--- Given information Enclosed Below ---
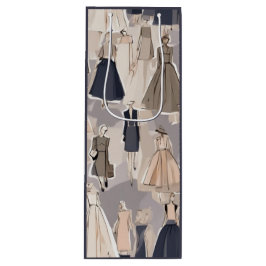 ヴィンテージオートクチュールイラストレーションスワッグバッグ ワインギフトバッグ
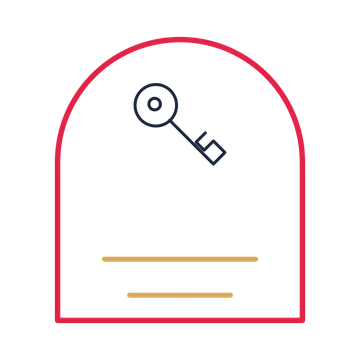 A arch label composition featuring house key for Home & property designs.
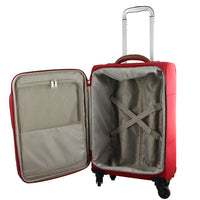 Thumbnail for Pierre Cardin 40L Cabin Soft-Shell Suitcase Travel Luggage Bag 4-Wheel Case - Red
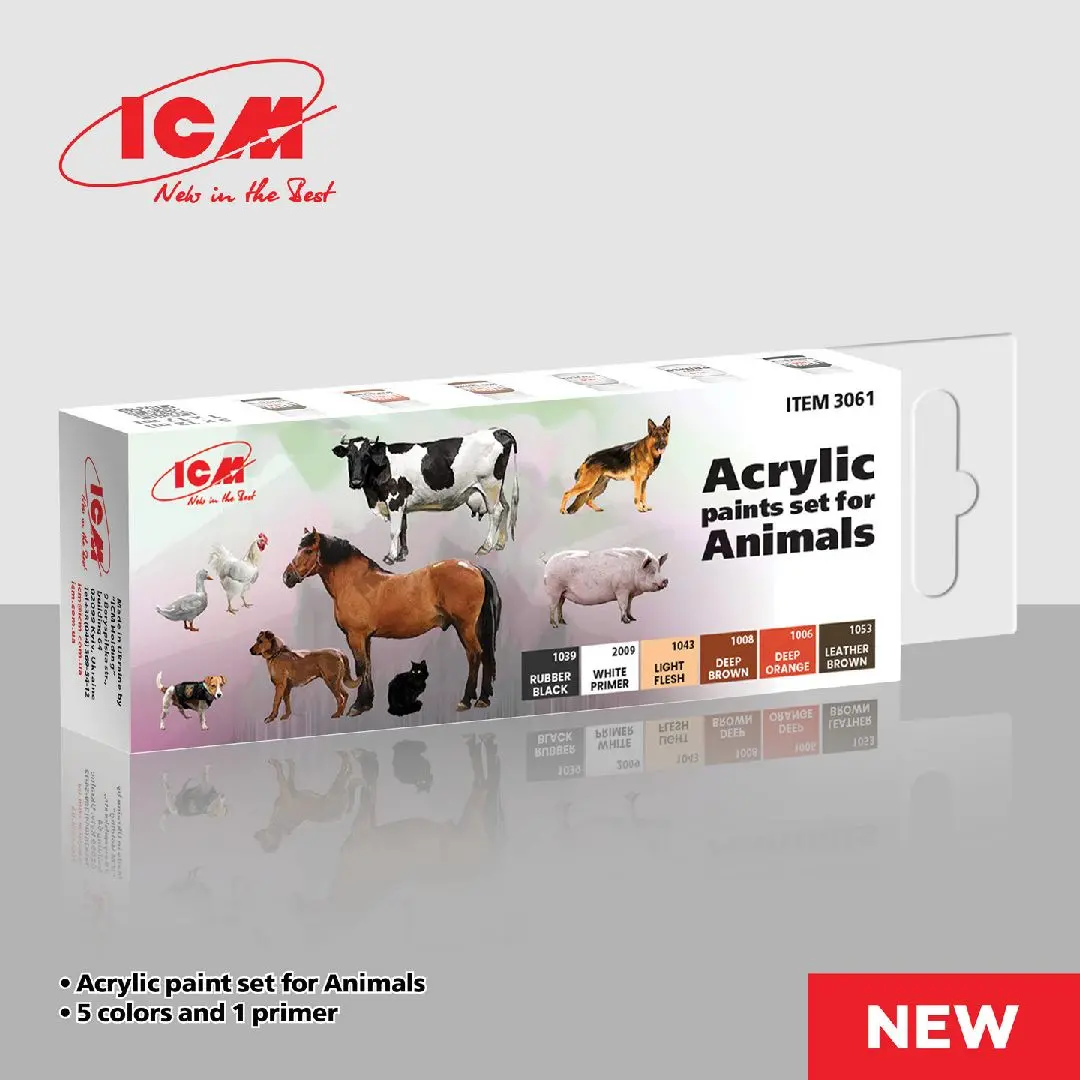 Icm Acrylic Paint Sets For Animals (6 Colours) 1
--- End of Enclosed Given information ---
§ Problem to work on
Retype the full listing exactly; pictures stay out.

§ Output for this exercise
 ヴィンテージオートクチュールイラストレーションスワッグバッグ ワインギフトバッグ
 A arch label composition featuring house key for Home & property designs.
 Thumbnail for Pierre Cardin 40L Cabin Soft-Shell Suitcase Travel Luggage Bag 4-Wheel Case - Red
 Icm Acrylic Paint Sets For Animals (6 Colours) 1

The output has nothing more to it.